Dann wartete sie, bis das Amt sich meldete – drei Sekunden, von denen jede ein Jahrhundert zu dauern schien. Endlich meldete sich die Zentrale. Abbeys Stimme blieb ruhig. Sie sagte:

»Hallo, ist da das Amt? Hier ist Miß Abbey Crosden am Apparat. Ich spreche von der Farm meines Neffen, Tucker Crosden. Tucker ist wahnsinnig geworden. Ich war eben Zeuge, wie er seine Frau mißhandelt hat. Er ist hinaus, um sich eine Flinte zu holen und hat die Absicht uns zu ermorden, wenn er zurückkommt.«

Der Schreckensschrei, mit dem das Fräulein vom Amt diese Mitteilung quittierte, schien für Tante Abbey nur eine lästige Unterbrechung zu sein.

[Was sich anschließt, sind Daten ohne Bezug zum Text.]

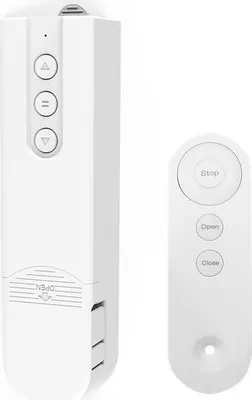 Produktbild von AIORBER Smarter elektrischer Vorhangmotor Bluetooth WLAN App Steuerung Automatischer Zugvorhang Weiß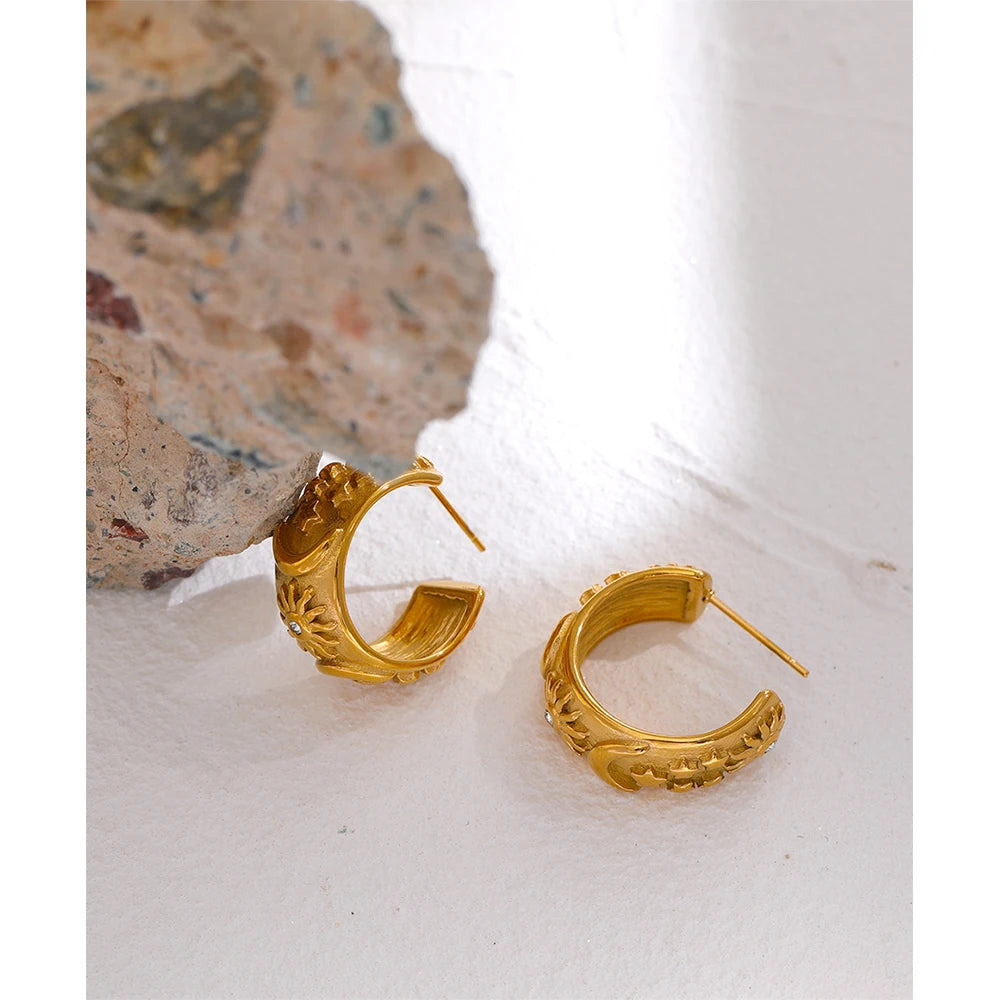 Celestial Hoop Earrings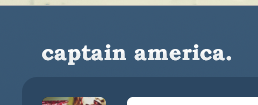 captain america tumblr dashboard logo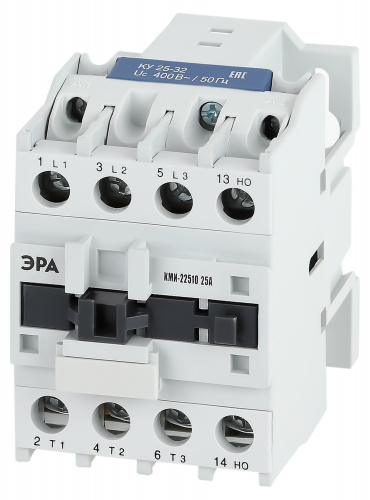 Контактор ЭРА PRO KKM21-025-400-10-E КМИ-22510 25А 400В/АС3 1НО (1/30) (Б0050439)
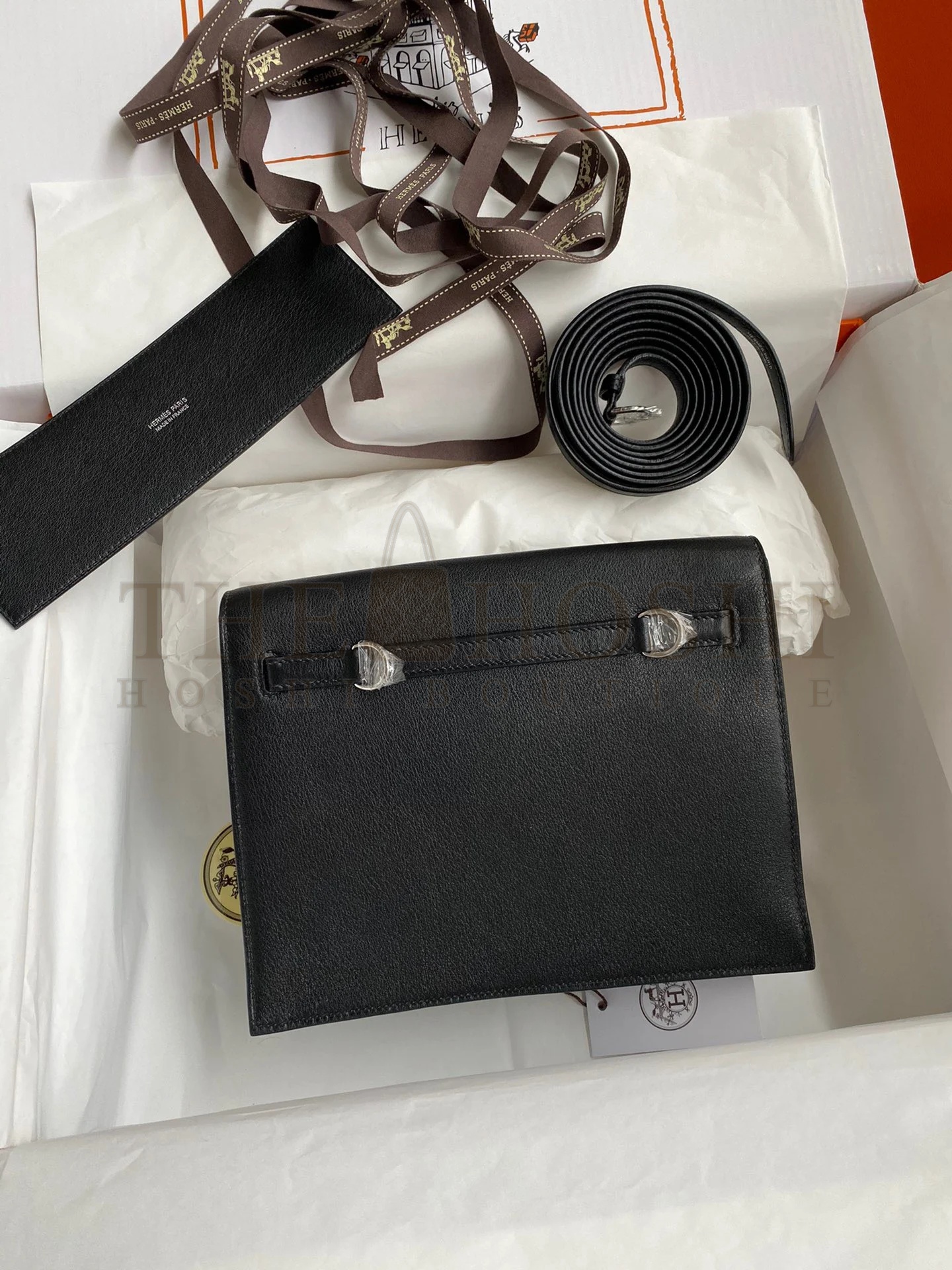 H**me5 Kelly Danse II Handmade Bag In Black Evercolor Calfskin Master Quality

Hinter sich hörte sie Caroline halberstickt schnattern: »Sag ihnen doch, daß sie gleich kommen müssen, so schnell als möglich! Ich bin nah am Sterben. Mein Herz hält's nicht mehr aus – ich ersticke!«

»Fräulein, Fräulein! Jetzt hören Sie doch mal! Alles hängt von Ihnen ab! Klingeln Sie so rasch als möglich bei den Morelands, bei Burtons und bei Charlie Heeney an. Ihre Häuser sind uns am nächsten. Klingeln Sie gleich an. Sie sollen um Gottes willen so rasch als möglich alle Leute hierher jagen, die sie auf die Beine bringen können. Nicht erst satteln! Sie müssen sich auf die Gäule schmeißen, wie sie sind. In fünf Minuten können sie hier sein, das ist Ihre Sache, Fräulein! Niemand kann uns helfen als Sie – gute Nacht!«

»Es ist ja alles nicht wahr!« schrillte ein dünnes Stimmchen hinter ihrem Rücken. Sie fuhr herum. Molly stand in der Tür. »Kein Wort ist wahr. Daddy, mein Daddy, der tut keinem Floh etwas zuleide. Ich – ich kann dich nicht ausstehn, Tante Abbey – ich – ich geh Daddy suchen ...«

»Halt das Kind fest, Abbey!«

»Molly, Kind, sei vernünftig. Lauf nicht hinaus. Wenn du ihm in die Hände läufst – ich weiß nicht, was er ...«

»Was! Ihr?! Ihr wollt mir vor Daddy Bange machen? Ich geh' hinaus und hol' ihn zurück. Bei der Hand bring' ich ihn zurück!«

Und damit schoß Molly in die Nacht hinaus.